We currently do not have a validation system in place. It would be useful to have a neb-fsck program that could do the following things:

  1. Scan the instance table, and confirm that the files exist on disk.
  2. Confirm that the md5sum matches for all instances of a given storage object.
  3. Scan the nebulous directory trees and identify files that do not have a matching entry in the instance table. These files could be reinserted, as the full disk path describes the ins_id and the ext_id for a given file. It could be reassociated with the storage_object (if it exists), or simply deleted.

In addition, all nebulous tasks that create a file or copy a file should validate that the files agree before the function completes successfully. Not doing this can introduce errors if we silently replicate a broken copy of the file. The client side replicate call does do md5sum validation on replicate.

Database structure

The user defined number of copies of a storage_object is recorded in the storage_object_xattr table. This requires joins, and given that most storage objects have an entry here, moving this information from storage_object_xattr into a column of storage_object makes sense.

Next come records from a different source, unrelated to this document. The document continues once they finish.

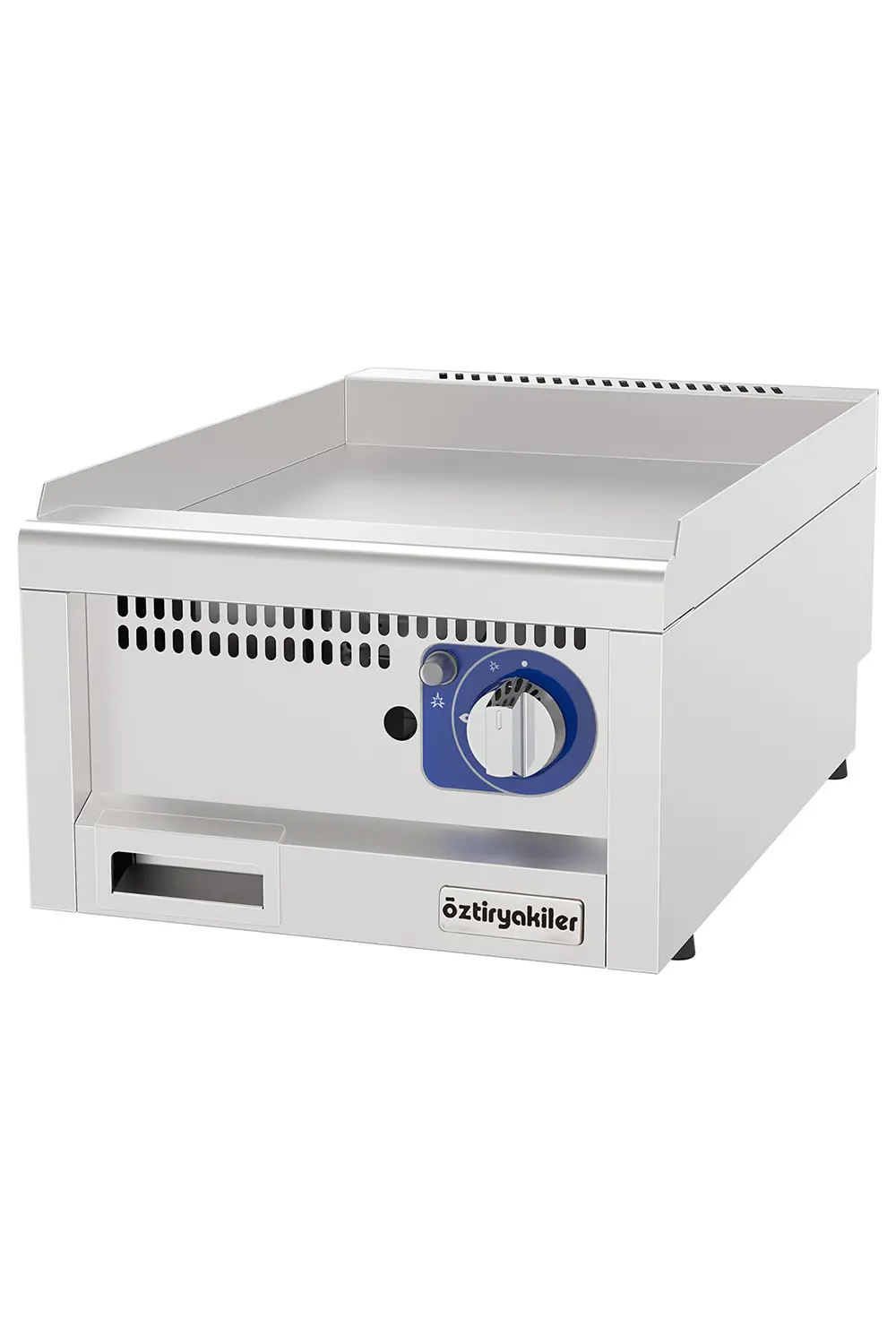 Grill Plate Set Üstü 600 Seri Düz Gazlı 40x60x26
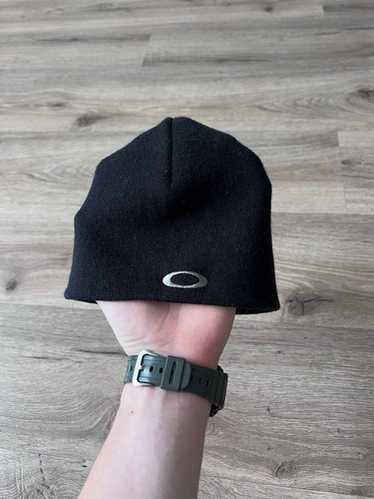 帽子 Early 00s Oakley Software zipper Beanie EARLY 2000S OAKLEY SOFTWARE BEANIE (POWDER BLUE) – Archivology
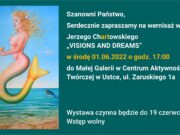 Jerzy Chartowski VISIONS AND DREAMS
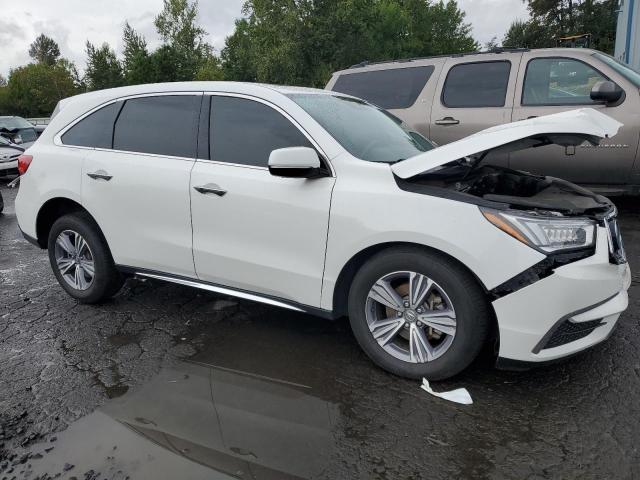 Photo 4 from auction – 2020 ACURA MDX with VIN 5J8YD4H37LL051254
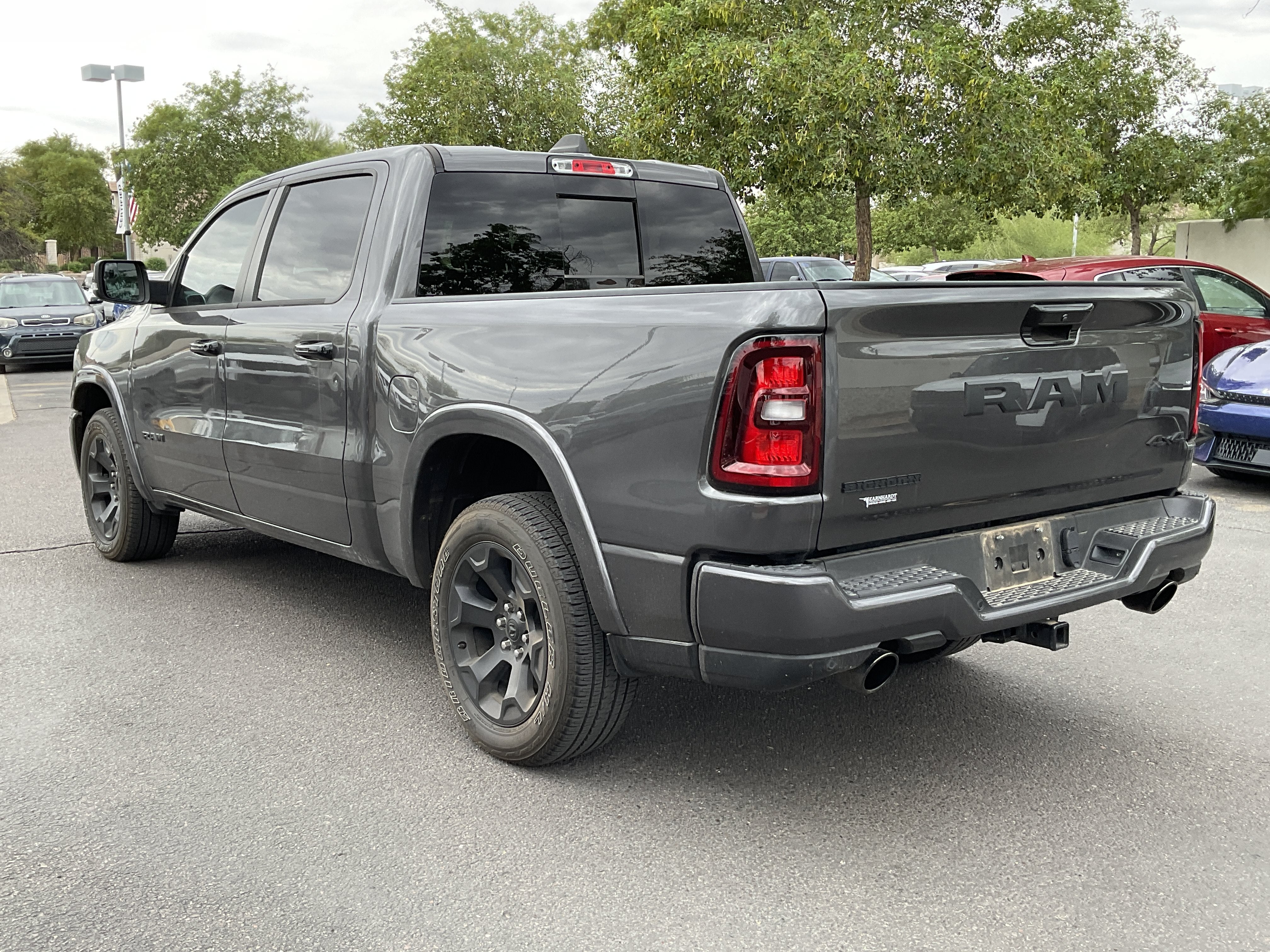 2025 RAM 1500 Big Horn*Clean Carfax/1 Owner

We also currently do not record an md5sum value for every storage_object. This is somewhat expensive to compute, but would provide a record of what the file contents are, so the neb-fsck program would have a reference to work from. Otherwise, if the md5sums disagree between two files, how do we decide which file is correct?

Location awareness

We do not currently have each nebulous request tagged with the host it came from. If we did so, then we could have nebulous attempt to supply a copy from that host if one exists. This would reduce the network interaction and increase throughput. This can also be extended into a preference hierarchy, such that if this host doesn't have a copy, look in this cabinet, and then across all the cabinets at this location, and finally across the entire nebulous set.